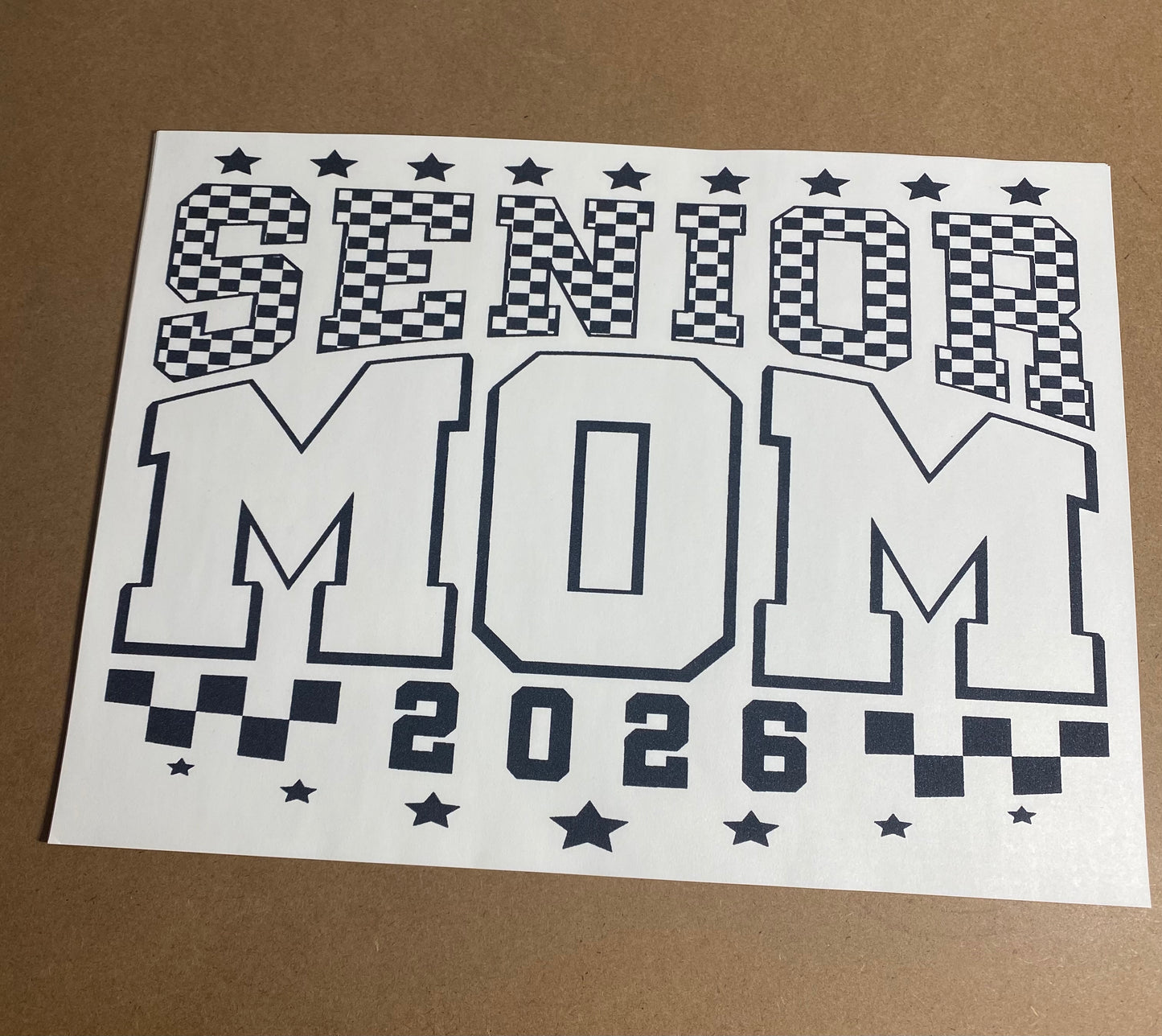 Single Color Adult Transfer- Senior Mom 2026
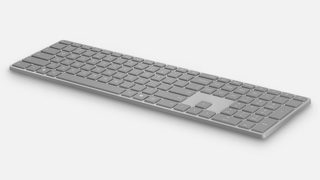 Microsoft Surface Keyboard Platinum Gray Wireless Bluetooth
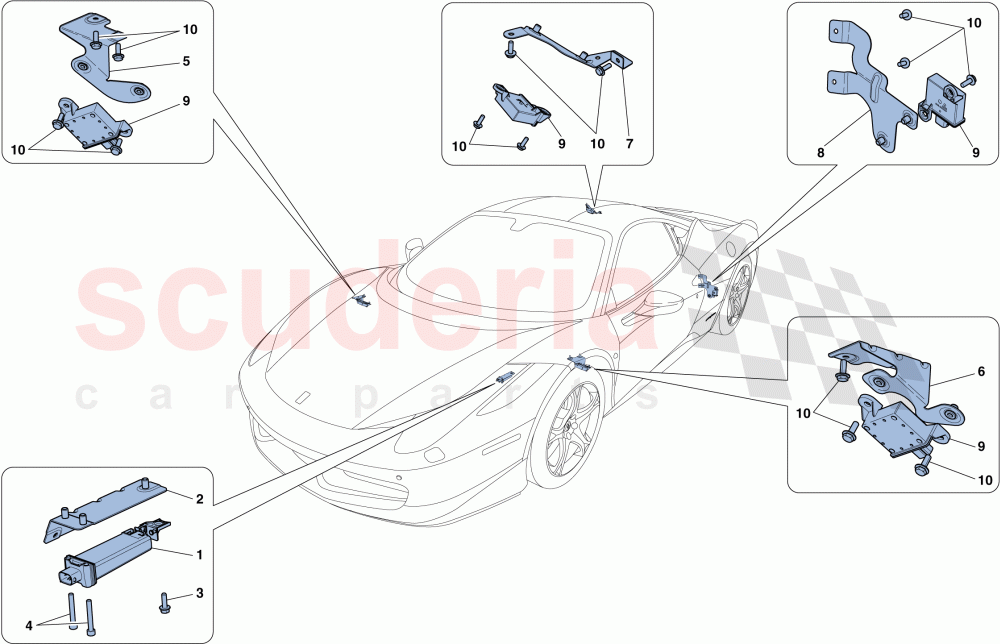 TYRE PRESSURE MONITORING SYSTEM of Ferrari Ferrari 458 Italia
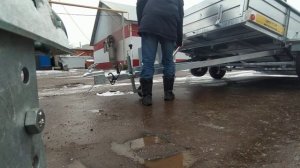 Механизм опрокидывания кузова прицепа ЛЕБЁДКОЙ !!!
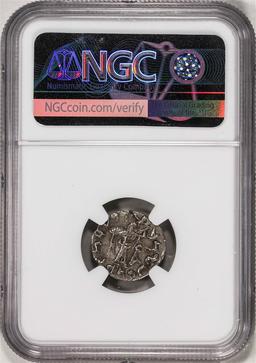 80-65 BC Bactria, Indo-Greeks Apollodotus II AR Drachm Ancient Coin NGC Ch XF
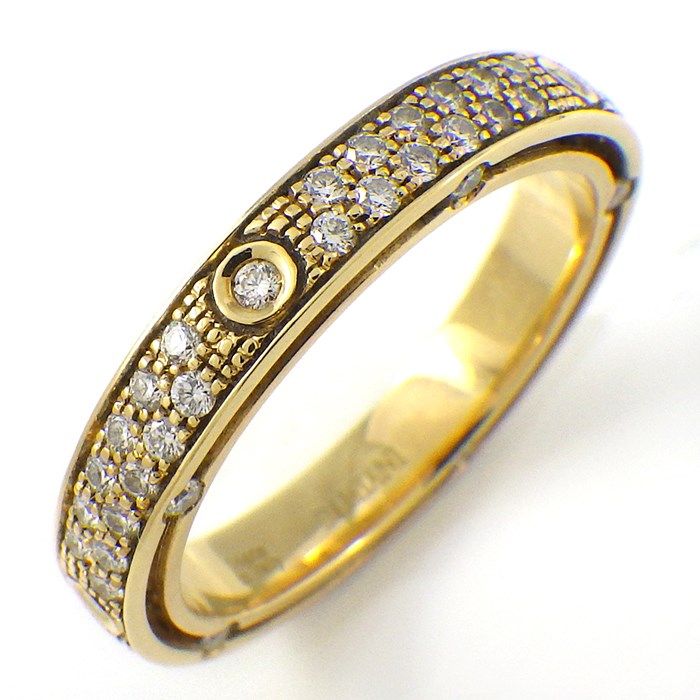 Damiani D.SIDE Full Eternity Diamond Ring in 18K Yellow Gold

════════

● Try it: Write out every line of the listing exactly as written, and leave the pictures out.

● Written solution:
 Single Color Adult Transfer- Senior Mom 2026
 Microsoft Surface Keyboard Platinum Gray Wireless Bluetooth
 TYRE PRESSURE MONITORING SYSTEM of Ferrari Ferrari 458 Italia
 Механизм опрокидывания кузова прицепа ЛЕБЁДКОЙ !!!
 80-65 BC Bactria, Indo-Greeks Apollodotus II AR Drachm Ancient Coin NGC Ch XF
 Damiani D.SIDE Full Eternity Diamond Ring in 18K Yellow Gold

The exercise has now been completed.